# Ariat vs. Mountain Horse Ice winter paddock boots



## horselessmom (Apr 20, 2012)

Are Mountain Horse significantly warmer than Ariats?

I'm comparing those two:

Mountain Horse Ice Winter Paddock Boots | DRB0671 | Greenhawk

Ariat Bancroft Zip Winter Paddock Boots | DRB0772 | Greenhawk

Thank you for any tips. Right now my daughter is wearing the Ariats (outgrowing them). Her feet freeze! Our temperatures go as low as -15C, and it is about -8 on average during winters. Her trainer said that she finds the Mount Horse Ice really toasty, but she never compared them to the Ariats.

I'm thinking to get her a pair for the next year while they are on sale, maybe 2 sizes too big, and they should fit her next year. 

She did try on Mountain Horse in the store 2 years ago, but found them very uncomfortable. On the other hand, now as she's experienced true freezing temperatures and she's at the barn more, she might agree to some discomfort. But then I need to drive her to the store to try them on. 

But the Ariats I can just buy online. But if the Mountain horse ones are significantly warmer, I'd like to check them out. 

Thanks!


----------



## Bagheera (Apr 23, 2013)

I have the Ariat Brossard winter boots and love them.


----------



## horselessmom (Apr 20, 2012)

Bagheera said:


> I have the Ariat Brossard winter boots and love them.


Brossard
Bancroft 


I'm trying to compare Ariat Brossard and Ariat Bancroft, and I can't figure out what's the difference. The descriptions seems to be almost the same. 

Bancroft is normally $40 more, but it is on sale now, and thus cheaper than Brossard. 

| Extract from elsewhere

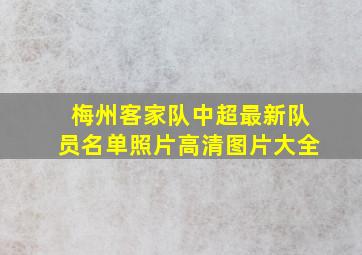 梅州客家队中超最新队员名单照片高清图片大全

Bancroft is insulated with Primaloft, and Brossard with Thinsulate. 

I'm not sure which ones she has now, but I think they are Brossards. Anyone knows if Brossards fit the same as Bancrofts? Gee, I wish their names weren't so different--I keep forgetting which one is which! :lol: They also look the same to me.


----------



## Bagheera (Apr 23, 2013)

I'm not sure. I've never had boots with Primaloft lining, only thinsulate or faux fur. I'm sure you could google the two materials and find out more about them.


----------



## horselessmom (Apr 20, 2012)

Bagheera said:


> I'm not sure. I've never had boots with Primaloft lining, only thinsulate or faux fur. I'm sure you could google the two materials and find out more about them.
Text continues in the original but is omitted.